Other radiocarbon dates show that some of the megalithic chambers in New England are of later date, one in Vermont, for example, yielding charcoal from the foundation layer that gave a carbon date of about AD 200.
As for those megalithic monuments that contain no artifacts or charcoal, dates can only be guessed at from indirect evidence. The guesses made in that way suggest that most of them were probably built during Bronze Age and Iron Age times, as indeed many of the European megaliths can be shown to postdate the Neolithic period also. So massive and enduring are megaliths that, whenever they were built, the affected the living space of later peoples, and certainly Bronze Age Europeans utilized the Neolithic megaliths. ........" ”.....further comments will be restricted to the actual megalithic monuments, merely noting here that the disk barrow, with its contained female skeletons lying in flexed positions, is regarded in Europe as a feature of the early Bronze Age and that therefore it is relevant to note here that similar features occur in New England in districts where megalithic monuments occur. Fell’s own opinion, of course, remained unaltered; it is that the megalithic monuments of northeastern North America were used during the Bronze Age and therefore may have been constructed either shortly before or during the Bronze Age.
The term dolmen is a Breton word meaning a stone table. it aptly describes many of the smaller examples of the megalithic monuments that go under this name. Such smaller examples, a meter or less in height are shown in Figs. 25, 26, 27, 28., 29. & 30. As can be seen, they comprise an upper, horizontal slab of stone, the capstone, which is supported on several vertical slabs, like a table, with an internal cavity. European archaeologists believe that the central cavity originally contained a burial and that the entire structure was originally buried in earth that has subsequently disappeared through erosion. it is known that some examples had partial earth cover still intact a century or so ago. Such bared burial chambers are often distinguished from other dolmens under the name cromlech.

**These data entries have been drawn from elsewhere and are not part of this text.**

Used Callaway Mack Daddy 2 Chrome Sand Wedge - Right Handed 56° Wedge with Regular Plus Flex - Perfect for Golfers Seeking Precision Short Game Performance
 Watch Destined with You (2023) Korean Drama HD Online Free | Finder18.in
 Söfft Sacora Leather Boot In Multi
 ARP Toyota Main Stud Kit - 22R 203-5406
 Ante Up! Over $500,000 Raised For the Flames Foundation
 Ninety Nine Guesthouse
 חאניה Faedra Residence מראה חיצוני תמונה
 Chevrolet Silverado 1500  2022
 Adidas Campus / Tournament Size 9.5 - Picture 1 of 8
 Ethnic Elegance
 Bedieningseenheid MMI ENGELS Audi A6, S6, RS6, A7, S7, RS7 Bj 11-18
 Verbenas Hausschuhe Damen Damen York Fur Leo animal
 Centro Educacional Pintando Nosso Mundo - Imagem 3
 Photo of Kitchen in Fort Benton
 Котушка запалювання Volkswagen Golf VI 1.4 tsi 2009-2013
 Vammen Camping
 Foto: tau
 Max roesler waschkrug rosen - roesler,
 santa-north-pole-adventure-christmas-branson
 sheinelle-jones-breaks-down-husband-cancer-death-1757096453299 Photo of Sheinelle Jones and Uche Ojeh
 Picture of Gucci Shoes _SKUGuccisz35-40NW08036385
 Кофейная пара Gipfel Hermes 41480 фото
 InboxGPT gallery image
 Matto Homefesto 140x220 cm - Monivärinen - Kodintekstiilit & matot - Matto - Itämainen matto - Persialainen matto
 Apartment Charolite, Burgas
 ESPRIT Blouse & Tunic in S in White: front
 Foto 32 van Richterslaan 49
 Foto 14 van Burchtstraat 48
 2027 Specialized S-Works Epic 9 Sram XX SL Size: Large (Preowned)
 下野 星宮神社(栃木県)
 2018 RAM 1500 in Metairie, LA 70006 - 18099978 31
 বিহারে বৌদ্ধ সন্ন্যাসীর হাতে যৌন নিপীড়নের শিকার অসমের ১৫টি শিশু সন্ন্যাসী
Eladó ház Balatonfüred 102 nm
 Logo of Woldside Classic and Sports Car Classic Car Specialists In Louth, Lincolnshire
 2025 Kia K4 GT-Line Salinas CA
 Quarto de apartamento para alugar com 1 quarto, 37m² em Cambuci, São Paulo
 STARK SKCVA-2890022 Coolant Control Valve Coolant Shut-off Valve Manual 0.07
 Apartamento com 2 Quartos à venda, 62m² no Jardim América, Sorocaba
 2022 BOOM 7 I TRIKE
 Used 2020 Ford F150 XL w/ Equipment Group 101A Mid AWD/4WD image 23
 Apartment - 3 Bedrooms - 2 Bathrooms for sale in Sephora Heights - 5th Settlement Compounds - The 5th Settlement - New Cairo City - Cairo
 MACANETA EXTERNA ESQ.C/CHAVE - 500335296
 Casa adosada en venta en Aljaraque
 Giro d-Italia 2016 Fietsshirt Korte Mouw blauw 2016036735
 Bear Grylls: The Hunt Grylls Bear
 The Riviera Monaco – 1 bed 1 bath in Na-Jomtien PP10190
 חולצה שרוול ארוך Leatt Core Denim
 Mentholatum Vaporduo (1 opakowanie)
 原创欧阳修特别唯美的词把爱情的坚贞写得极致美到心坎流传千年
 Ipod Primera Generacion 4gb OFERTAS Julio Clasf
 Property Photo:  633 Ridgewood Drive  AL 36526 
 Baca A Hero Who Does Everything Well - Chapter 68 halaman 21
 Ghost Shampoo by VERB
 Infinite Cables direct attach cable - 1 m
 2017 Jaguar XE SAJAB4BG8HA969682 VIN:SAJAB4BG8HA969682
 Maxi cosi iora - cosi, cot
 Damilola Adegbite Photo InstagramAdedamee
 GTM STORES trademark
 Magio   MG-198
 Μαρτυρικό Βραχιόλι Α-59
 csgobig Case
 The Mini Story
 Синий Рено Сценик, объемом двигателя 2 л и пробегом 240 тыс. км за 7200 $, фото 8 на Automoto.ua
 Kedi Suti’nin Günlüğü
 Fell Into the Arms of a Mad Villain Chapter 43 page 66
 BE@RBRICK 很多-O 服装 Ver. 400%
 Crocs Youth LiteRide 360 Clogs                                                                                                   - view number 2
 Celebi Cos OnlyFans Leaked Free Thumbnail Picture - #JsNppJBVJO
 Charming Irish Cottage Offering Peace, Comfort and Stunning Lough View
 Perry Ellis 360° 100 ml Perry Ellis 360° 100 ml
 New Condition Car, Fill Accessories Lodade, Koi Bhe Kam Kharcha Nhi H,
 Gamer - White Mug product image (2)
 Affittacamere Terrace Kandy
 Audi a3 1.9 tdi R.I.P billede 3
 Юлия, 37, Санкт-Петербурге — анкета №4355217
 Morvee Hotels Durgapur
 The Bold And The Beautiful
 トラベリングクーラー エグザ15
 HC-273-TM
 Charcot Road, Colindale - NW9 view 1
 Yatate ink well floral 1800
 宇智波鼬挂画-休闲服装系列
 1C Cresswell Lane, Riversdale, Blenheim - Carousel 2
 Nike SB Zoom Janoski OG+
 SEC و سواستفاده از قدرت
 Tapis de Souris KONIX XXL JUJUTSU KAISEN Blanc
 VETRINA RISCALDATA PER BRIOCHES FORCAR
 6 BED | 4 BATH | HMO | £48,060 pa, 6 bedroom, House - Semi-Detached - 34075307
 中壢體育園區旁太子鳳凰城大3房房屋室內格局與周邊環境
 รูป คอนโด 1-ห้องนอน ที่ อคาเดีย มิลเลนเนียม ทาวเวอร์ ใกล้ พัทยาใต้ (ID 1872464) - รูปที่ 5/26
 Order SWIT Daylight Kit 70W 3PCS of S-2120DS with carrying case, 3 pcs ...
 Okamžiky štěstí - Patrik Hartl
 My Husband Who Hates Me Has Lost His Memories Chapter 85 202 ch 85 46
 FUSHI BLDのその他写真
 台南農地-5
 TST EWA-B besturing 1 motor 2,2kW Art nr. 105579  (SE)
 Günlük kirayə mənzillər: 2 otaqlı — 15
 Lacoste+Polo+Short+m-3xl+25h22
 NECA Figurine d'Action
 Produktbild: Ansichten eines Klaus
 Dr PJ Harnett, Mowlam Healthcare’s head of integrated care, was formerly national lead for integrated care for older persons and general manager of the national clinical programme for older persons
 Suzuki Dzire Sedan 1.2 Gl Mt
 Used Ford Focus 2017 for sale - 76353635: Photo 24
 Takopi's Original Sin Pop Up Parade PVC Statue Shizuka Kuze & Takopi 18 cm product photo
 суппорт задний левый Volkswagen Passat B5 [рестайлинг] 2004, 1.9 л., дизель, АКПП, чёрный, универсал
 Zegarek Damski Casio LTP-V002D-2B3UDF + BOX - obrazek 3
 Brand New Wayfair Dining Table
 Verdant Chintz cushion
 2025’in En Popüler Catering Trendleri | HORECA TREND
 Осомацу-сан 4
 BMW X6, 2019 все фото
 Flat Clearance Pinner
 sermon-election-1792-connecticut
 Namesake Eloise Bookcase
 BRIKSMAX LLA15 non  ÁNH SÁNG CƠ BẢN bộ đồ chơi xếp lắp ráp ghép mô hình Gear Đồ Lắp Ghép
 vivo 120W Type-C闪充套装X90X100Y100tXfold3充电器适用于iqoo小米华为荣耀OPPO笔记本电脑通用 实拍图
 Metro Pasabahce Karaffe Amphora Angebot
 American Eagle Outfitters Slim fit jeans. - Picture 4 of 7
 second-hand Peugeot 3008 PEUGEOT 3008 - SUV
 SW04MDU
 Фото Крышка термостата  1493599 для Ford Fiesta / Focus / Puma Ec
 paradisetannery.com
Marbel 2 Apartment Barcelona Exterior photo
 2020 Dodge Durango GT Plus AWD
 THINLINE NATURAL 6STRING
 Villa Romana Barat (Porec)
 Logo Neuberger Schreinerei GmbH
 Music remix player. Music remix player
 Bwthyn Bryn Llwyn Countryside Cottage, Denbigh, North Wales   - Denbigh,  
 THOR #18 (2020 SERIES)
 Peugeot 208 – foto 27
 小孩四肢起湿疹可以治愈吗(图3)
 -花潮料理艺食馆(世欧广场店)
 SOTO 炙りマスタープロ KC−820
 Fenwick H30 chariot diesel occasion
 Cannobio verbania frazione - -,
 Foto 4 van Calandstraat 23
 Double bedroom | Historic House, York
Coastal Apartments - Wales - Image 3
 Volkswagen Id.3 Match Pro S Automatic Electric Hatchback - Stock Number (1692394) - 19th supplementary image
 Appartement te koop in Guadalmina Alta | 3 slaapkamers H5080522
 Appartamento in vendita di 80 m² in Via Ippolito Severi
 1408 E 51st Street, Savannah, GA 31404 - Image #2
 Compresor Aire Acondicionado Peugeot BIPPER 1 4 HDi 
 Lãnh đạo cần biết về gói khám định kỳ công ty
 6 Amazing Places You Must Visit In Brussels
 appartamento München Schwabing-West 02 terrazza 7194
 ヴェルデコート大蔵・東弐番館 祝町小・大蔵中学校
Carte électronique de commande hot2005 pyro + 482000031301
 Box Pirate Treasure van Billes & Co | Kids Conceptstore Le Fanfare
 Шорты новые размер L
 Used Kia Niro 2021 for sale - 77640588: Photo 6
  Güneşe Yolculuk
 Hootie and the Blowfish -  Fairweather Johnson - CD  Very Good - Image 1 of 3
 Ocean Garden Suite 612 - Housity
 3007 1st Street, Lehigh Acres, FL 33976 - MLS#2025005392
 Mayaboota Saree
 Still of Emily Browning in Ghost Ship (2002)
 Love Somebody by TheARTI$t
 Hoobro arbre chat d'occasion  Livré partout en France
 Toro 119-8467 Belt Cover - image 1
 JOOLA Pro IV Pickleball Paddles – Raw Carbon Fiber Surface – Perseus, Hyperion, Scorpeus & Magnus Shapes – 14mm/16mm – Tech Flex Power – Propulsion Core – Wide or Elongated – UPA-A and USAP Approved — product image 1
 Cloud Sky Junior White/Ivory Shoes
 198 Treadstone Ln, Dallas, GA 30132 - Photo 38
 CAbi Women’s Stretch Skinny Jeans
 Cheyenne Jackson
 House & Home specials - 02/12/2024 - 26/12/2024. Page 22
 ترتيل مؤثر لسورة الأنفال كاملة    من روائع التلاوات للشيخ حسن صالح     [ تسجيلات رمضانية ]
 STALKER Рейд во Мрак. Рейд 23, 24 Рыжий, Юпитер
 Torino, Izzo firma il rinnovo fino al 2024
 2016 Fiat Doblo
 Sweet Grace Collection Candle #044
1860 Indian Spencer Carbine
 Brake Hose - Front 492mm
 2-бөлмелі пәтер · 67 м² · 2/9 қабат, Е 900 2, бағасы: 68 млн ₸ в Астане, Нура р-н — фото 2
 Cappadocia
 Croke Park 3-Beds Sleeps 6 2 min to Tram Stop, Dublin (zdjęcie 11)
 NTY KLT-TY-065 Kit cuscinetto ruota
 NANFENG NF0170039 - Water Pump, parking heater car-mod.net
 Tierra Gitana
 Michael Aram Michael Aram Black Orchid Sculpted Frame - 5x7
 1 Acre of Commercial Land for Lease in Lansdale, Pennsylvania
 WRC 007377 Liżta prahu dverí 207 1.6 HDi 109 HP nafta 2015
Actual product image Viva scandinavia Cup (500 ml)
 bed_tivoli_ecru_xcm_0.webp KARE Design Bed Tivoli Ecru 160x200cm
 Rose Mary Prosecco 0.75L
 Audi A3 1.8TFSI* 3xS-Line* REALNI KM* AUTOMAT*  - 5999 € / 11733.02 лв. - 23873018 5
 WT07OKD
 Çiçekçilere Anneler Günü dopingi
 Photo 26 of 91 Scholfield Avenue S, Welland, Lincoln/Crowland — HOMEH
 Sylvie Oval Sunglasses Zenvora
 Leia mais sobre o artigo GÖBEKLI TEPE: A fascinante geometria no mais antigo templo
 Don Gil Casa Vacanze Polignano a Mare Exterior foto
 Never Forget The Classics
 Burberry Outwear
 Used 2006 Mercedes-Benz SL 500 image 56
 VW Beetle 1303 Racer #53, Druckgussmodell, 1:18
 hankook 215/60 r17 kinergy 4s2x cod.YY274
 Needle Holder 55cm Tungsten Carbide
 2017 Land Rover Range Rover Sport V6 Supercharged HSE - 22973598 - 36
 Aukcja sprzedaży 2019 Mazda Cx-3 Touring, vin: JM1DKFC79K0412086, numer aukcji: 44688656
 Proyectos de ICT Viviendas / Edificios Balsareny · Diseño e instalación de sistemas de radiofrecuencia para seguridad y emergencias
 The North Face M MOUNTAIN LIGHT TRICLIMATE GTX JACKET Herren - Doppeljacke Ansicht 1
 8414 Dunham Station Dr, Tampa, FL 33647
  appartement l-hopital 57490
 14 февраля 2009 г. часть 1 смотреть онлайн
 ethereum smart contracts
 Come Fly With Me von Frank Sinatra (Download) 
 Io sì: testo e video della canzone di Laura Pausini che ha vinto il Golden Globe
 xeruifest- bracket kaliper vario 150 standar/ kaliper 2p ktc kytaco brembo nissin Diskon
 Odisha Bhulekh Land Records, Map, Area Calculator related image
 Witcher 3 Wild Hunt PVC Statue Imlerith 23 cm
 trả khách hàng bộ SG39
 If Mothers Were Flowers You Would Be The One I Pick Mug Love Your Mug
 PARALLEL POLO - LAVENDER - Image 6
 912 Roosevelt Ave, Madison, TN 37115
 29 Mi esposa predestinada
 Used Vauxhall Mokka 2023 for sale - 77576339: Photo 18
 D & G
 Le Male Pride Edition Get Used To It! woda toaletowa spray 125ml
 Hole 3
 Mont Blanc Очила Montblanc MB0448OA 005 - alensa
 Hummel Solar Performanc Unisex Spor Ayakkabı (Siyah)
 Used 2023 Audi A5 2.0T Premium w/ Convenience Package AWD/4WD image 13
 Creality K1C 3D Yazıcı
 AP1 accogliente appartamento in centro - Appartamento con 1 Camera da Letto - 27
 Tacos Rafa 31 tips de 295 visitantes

Of the examples shown, Figs. 25 & 26 are European, Fig. 25 from Carrazeda, Portugal, and Fig. 26 from the Orkney Islands. The remaining four examples are all American. Fig. 27 shows an example at Gay Head, on the island of Martha's Vineyard, Massachusetts; a faintly visible ogam inscription occurs on one of the stones at the entrance to the small chamber within.... The others, Fig 28., Fig 29. & Fig. 30, are all located at Westport, Massachusetts. Similar ones occur in the Boston area. Nothing is known of any former burial relics in these small cromlechs." [Please see review of structures in <Megaliths>]
Very much large examples, with massive capstones and relatively shorter vertical supports, form conspicuous dolmens. These seem unlikely to have been covered by earth at any stage.
A collapsed dolmen was found in Vermont. The finder, John Williams, also found a remarkable sculpted ax and halberd that are cut into one end of the squared capstone (detail in Fig. 31). "A similar occurrence has been reported from an early Bronze Age burial cairn at Nether Largie North, in Scotland, ax heads being engraved on one end of the capstone and a halberd with streamers on another upright stone of the same burial cist. it is difficult to conceive of any Amerindian carving such devices and, as stated, the Algonquians of the New England region have no knowledge of the authors of these stone monuments.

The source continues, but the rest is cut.